Port wine tour (There are many such tours but this one I chose randomly and enjoyed. It is also possible to go to little shops along the river for tastings only of other distributors). We chose a Taylor Port wine tour, https://www.taylor.pt/en/visit-taylors/port-cellars
2019 — This time I went to Porto with my husband and we stayed in a lovely, updated apartment. Sadly, we started off poorly again. This ‘poorly’ took up three days. A stomach bug of some sort hit us both with a 24-hour gap in between us. The time we were going to spend in Paris was lost in the sick days in Porto. We got through and back on track. We spent time by the Douro River going to gilded churches, riding across the river on a water taxi, looking at shops, and tasting Port wine at various distributors; Dalva was among the group.

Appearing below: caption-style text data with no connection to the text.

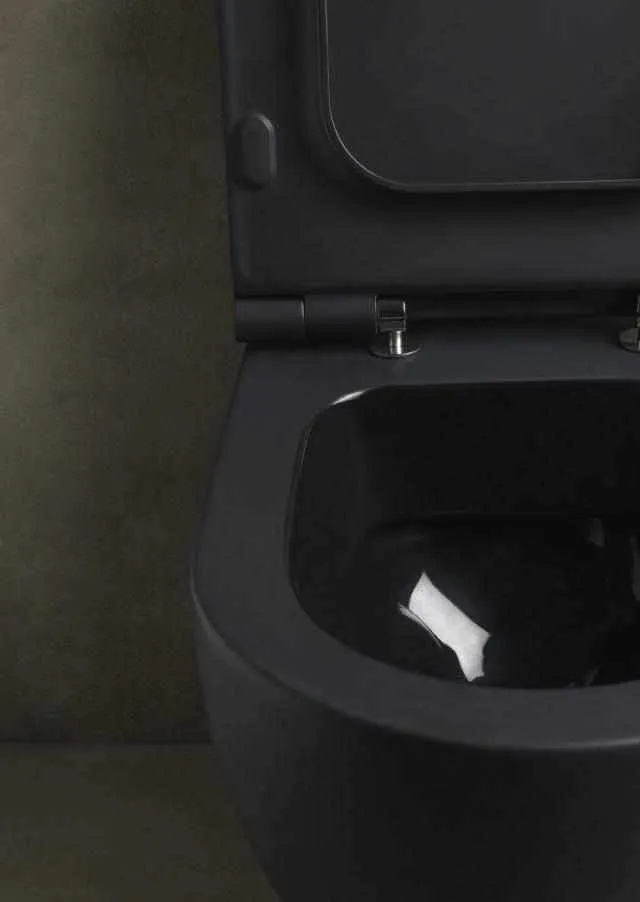 UNICA 55 WC aufgehängt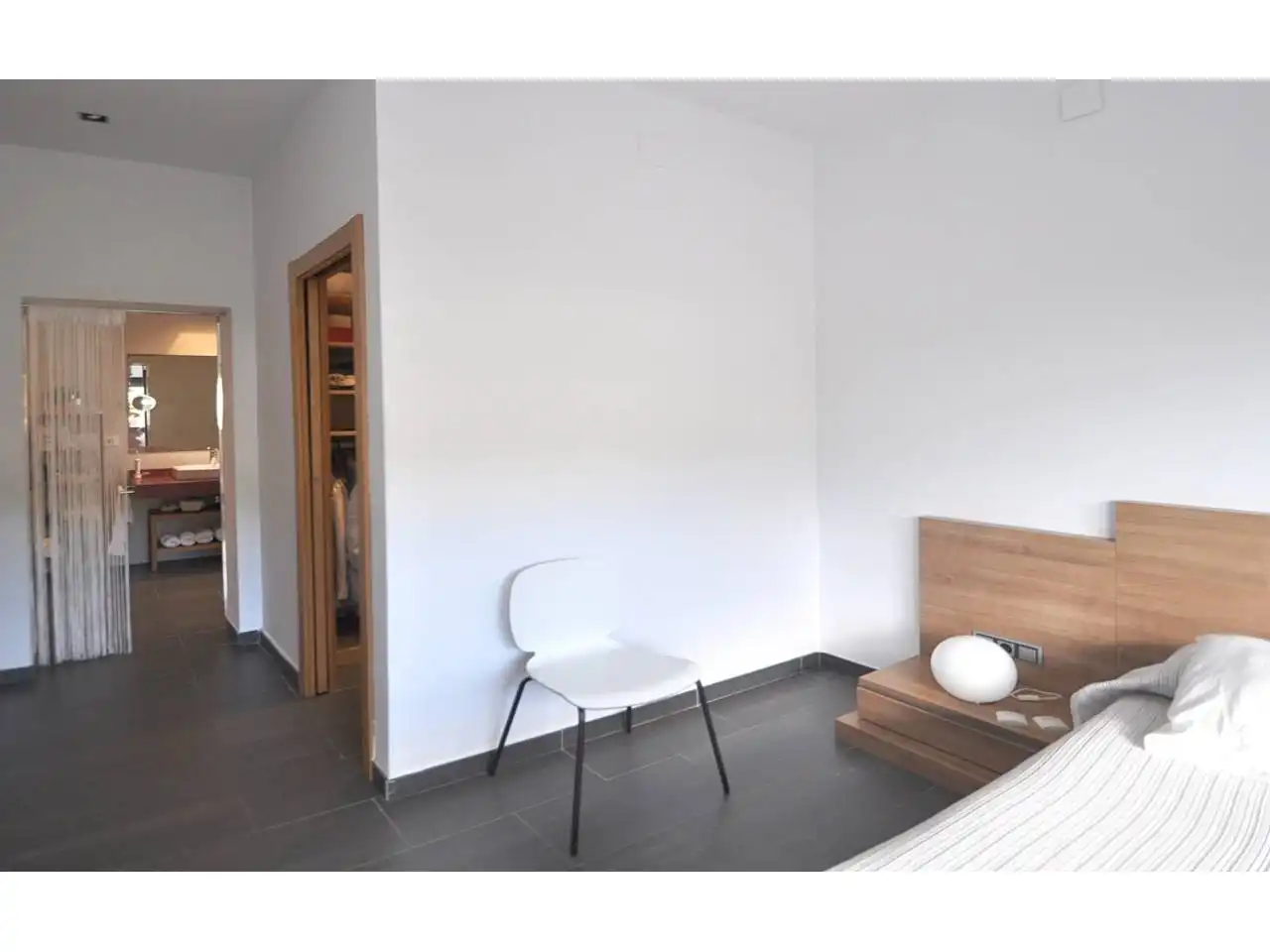 Bedroom of Houses for sale in Lloret de Mar  with Heating, Private garden and Terrace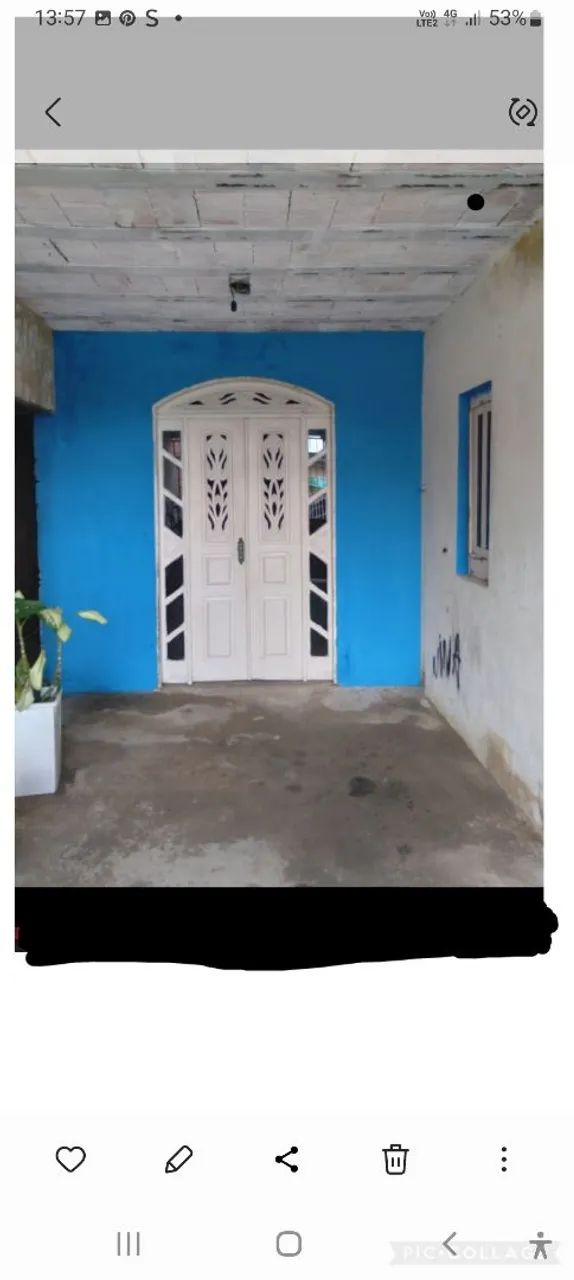 Vendo casa na Soledade  - Foto 2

An excerpt from my husband —
We were feeling much better; now we don’t. We were eating a lovely snack, and it began to rain.
Normally, not a big deal but—our laundry was out on the line–and our apartment was at the top of town. Elsa made a break for it first while I chugged the port and paid the bill.
I took off running after Elsa up the hill to the apartment. I made it about halfway up the hill before I ran out of breath, even with Wyoming mountain blood. On my second wind, I caught up with Elsa, who had stopped racing when the rain stopped. We walked the rest of the way to the apartment to assess the damage.
The laundry damp again. Second time! We got caught by rain last night too. Clothesline nobs!
Back to Elsa —
Coimbra 2016 — We stayed at the Casas da Alegria through booking.com. The people who ran the mini-hotel were very helpful and drove us to the bus station with our luggage for no-charge; we gave them a tip instead. Once we were there, we had to wait 5 hours because the bus we wanted, sold out. We tried to phone the next hotel and told them we would be late, but the internet connection at the station would only let us email (no calls).
Coimbra itself felt like a good spot to relax. Yet, the streets are narrow and require some careful navigation among the cars. The university in town is a good place to visit to see the massive, old library. The entrance is at the top of the hill within a courtyard. A ticket is required, and the admittance is timed to avoid letting too many people in the building at once. DO NOT try and go in through the bookshop stairs, it’s the library’s exit.
2019 – Revisited the Coimbra library (referred to as the Academic Prison), but the entrance had changed to the side; maybe the bookstore entrance that was no longer a book store. I’ve learned a few new things this time. The place is more like a vault with walls almost two meters thick. The bookshelves are made of oak to deter bugs from eating the books. The bonus is the bats that live up by the ceilings to eat insects. Every night the staff covers the reading tables with leather cloths to protect them from bat droppings. Not sure who goes up to the extremely high ceilings to clean the bat mess; no one said.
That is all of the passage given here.